This was the IRFU’s version of ‘The Decision’, the live TV broadcast of basketball super-star Le Bron James’ decision to “take his talents” from his home-town of Cleveland to Miami in 2010.
A conference room full of expectant journalists might have lacked the glitz of that production, but on the eve of the summer tour to Australia Joey Carbery arrived with news of his move to Munster.
“I’ve decided to go down to Munster,” he said as an opener.
“It’s been a tough few weeks, my head’s been a bit fried, trying to get all my cards on the table. I’ve had the help of some really good advisors, giving me confidence, telling me a few things.
“I’m really excited by the opportunity, it’s obviously extremely tough to be leaving Leinster, all my friends, all my mates. But I’m looking forward to the opportunity and I feel that a really good thing could come from it.”
Thus ended one of the longest transfer sagas of its kind in Irish rugby, one which the player openly conceded gave him and his father, Joey Sr, “sleepless nights”.
The weight of the world has been on the 22-year-old’s shoulders for a number of weeks now and, while he spoke of his excitement at the next stage of his burgeoning career, it was apparent that it hasn’t quite lifted yet.
He has put his international future first.
Despite his protestation that he didn’t have much of a role in the youngster’s decision, it is a result that suits Joe Schmidt down to the ground, while Munster will welcome one of the most talented players the prodigious Leinster academy has produced in some time with open arms.
His home province aren’t happy, and Carbery moves with a tinge of sadness, while retaining an open mind.
The summer tour will see him afforded game-time to show his wares and, by pre-season, he will be fully on board with his new club.
“It’s still pretty new to me,” he said when asked if he is comfortable with his decision. “This whole thing has come up pretty quickly. I do feel comfortable that I’ve made this decision and I can get on with it now, and it will get easier with time.
“It’s still quite raw at the moment but I’m happy that I made the right decision.
“I came to the decision properly yesterday (Wednesday). It’s been within my gut for the last few days but I wanted to be with my family when I made the decision and I wanted them to be the first ones, so I did that just before coming into camp yesterday.
“I wanted to get this decision made and out there before leaving (for Australia) for my own mental state. I can just get it out there and move on with things.
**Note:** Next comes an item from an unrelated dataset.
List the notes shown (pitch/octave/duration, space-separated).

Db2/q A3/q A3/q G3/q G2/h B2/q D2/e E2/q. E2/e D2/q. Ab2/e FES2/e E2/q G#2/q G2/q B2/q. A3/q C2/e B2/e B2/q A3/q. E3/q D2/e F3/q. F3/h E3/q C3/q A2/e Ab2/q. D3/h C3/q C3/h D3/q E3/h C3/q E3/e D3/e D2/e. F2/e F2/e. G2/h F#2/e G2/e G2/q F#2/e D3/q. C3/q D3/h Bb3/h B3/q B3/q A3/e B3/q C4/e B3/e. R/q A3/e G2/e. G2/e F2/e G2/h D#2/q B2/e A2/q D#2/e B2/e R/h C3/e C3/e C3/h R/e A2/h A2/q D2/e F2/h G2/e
“It’s been tough. It’s been a tough four or five weeks, especially with the magnitude of the games that I’ve been playing in and then having to get all my detail right during the week while there’s so much other stuff going on and in my mind.
“I’m glad I’m on the other side of it.”
When it came down to it, the idea of being a starting No 10 was at the heart of Carbery’s call.
“The game time, getting more of an influence at No 10 maybe, that’s the big one,” he said. “I know people down there too, they’ll make things more easy. Just getting to play more regularly is the main one. It’s purely a rugby-based decision. I’m excited for the opportunity.”
Schmidt and David Nucifora initially ignited the idea of moving for more game-time when they came and met both Carbery and Ross Byrne with a view to one of them moving to Ulster and, while that didn’t materialise, the seed was planted in the Athy man’s head.
He later met the Ireland coach with his father for further advice, before sitting down with Johann van Graan to discuss his plans.
“Leinster have got me to a stage now where I feel like I’m just about ready,” he said. “Now I need to go out and develop even more now. I’ll always have a huge part of Leinster in me for that.
“But I suppose it was all a self-based decision with my dad being my closest advisor. I’ve been chatting to him a lot and he’s had a few sleepless nights as well as I have.
“It’s purely based on the opportunity of playing 10. That’s what it came down to, and going out of my comfort zone I suppose is going to be pretty tricky.
“Joe wouldn’t have told me what to do. He was more as an adviser. I contacted him as regards meeting up and I’m sure you guys saw that picture.
“So it was more to get his opinion because me and my dad had never gone through anything like this and Joe has been in the professional game for a long enough time that he’d know. It was good to get his insight on it.
“I met up with (van Graan) and he’s a really good guy. I felt like I connected with him and he seemed like a really honest guy, which I like; someone I can go to, especially if I’m living away.”
Asked if he would be staying in Leinster in an ideal world, Carbery said: “An ideal world would be that I’d be the best No 10 in the world, didn’t have to train – a lot of different things. I don’t know. My friends live in Leinster, all my friends, my girlfriend, are all living in Leinster. That’s the tough part, but this decision was purely based on rugby.”